----- Collected material

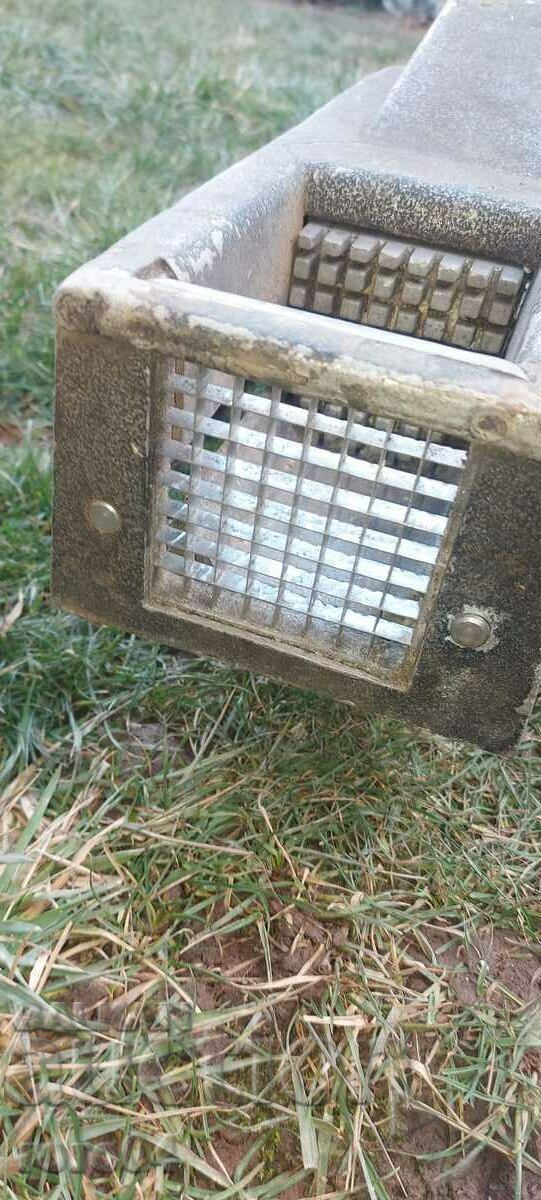 Δημοπρασία ΠΡΕΣΑ ΕΠΙΤΡΑΦΕΙΟΥ ΓΙΑ ΠΑΤΑΤΑ - ΤΣΙΠΣ Δημοπρασία ΠΡΕΣΑ ΕΠΙΤΡΑΦΕΙΟΥ ΓΙΑ ΠΑΤΑΤΑ - ΤΣΙΠΣ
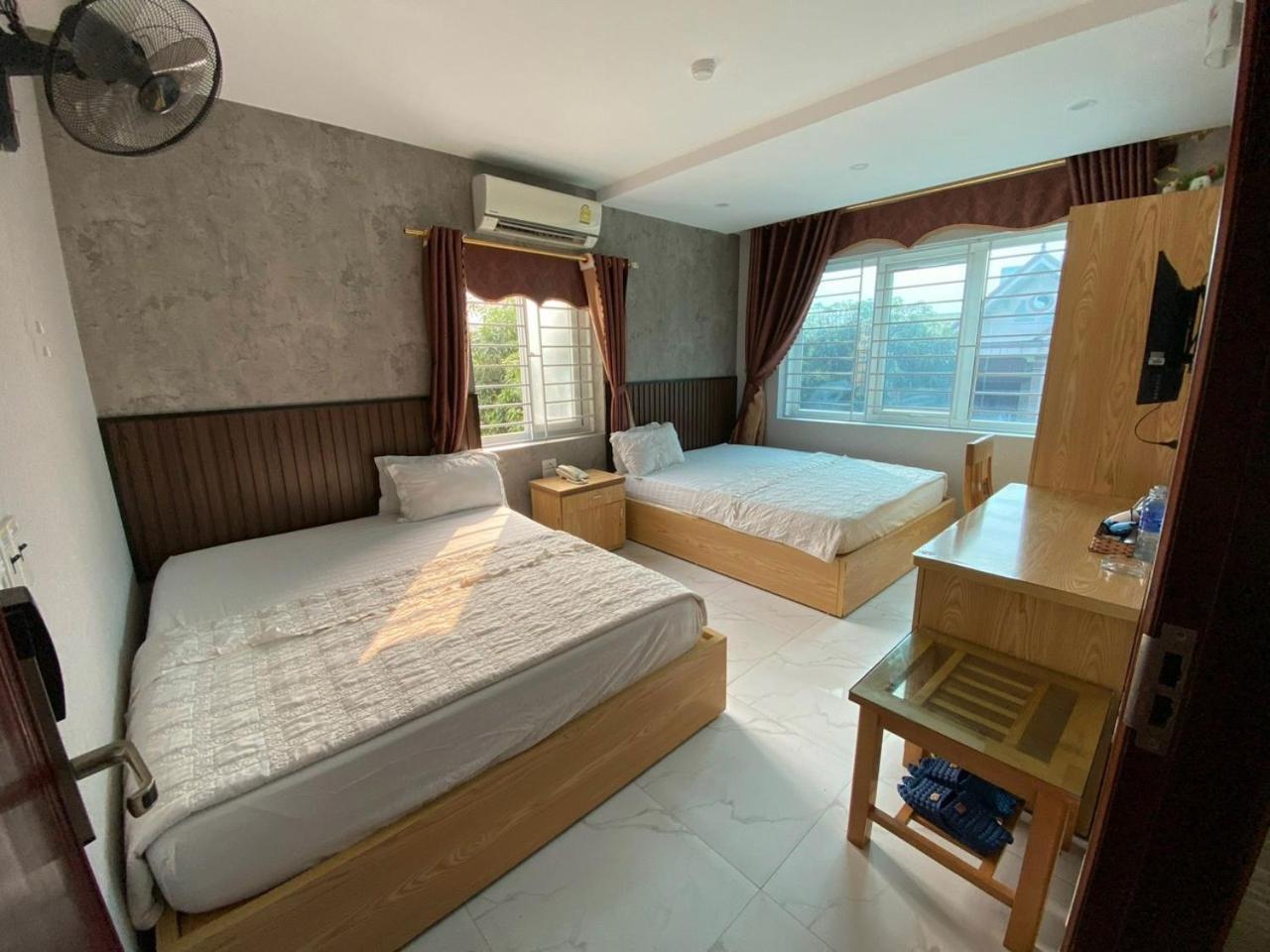 Queen Room with Two Queen Beds photo 1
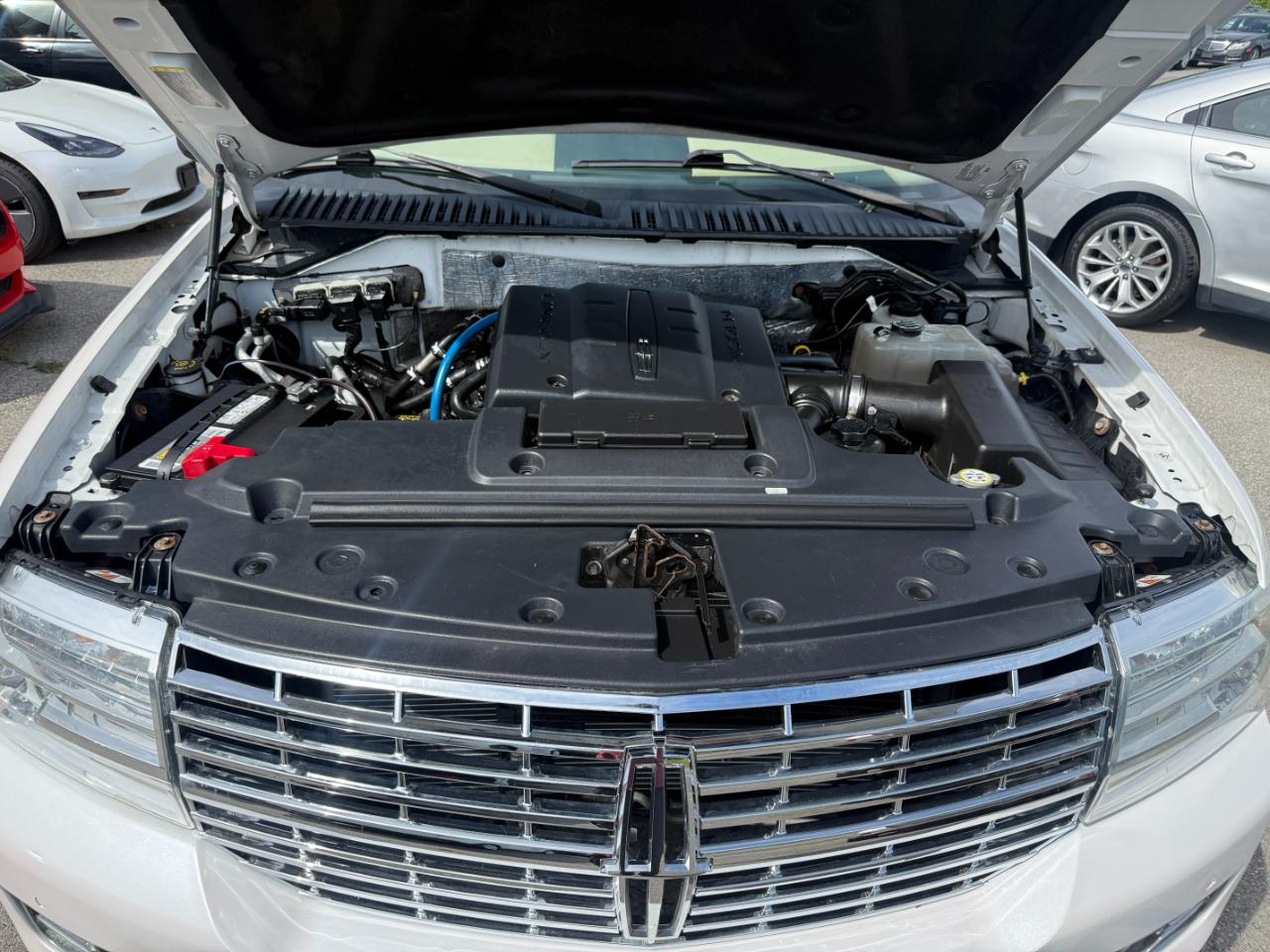 Lincoln Navigator 4WD Luxury 2010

----------

_Task_
Return the material from above in full, exactly as written, with the pictures omitted.

_Your solution_
 Δημοπρασία ΠΡΕΣΑ ΕΠΙΤΡΑΦΕΙΟΥ ΓΙΑ ΠΑΤΑΤΑ - ΤΣΙΠΣ Δημοπρασία ΠΡΕΣΑ ΕΠΙΤΡΑΦΕΙΟΥ ΓΙΑ ΠΑΤΑΤΑ - ΤΣΙΠΣ
 Queen Room with Two Queen Beds photo 1
 Lincoln Navigator 4WD Luxury 2010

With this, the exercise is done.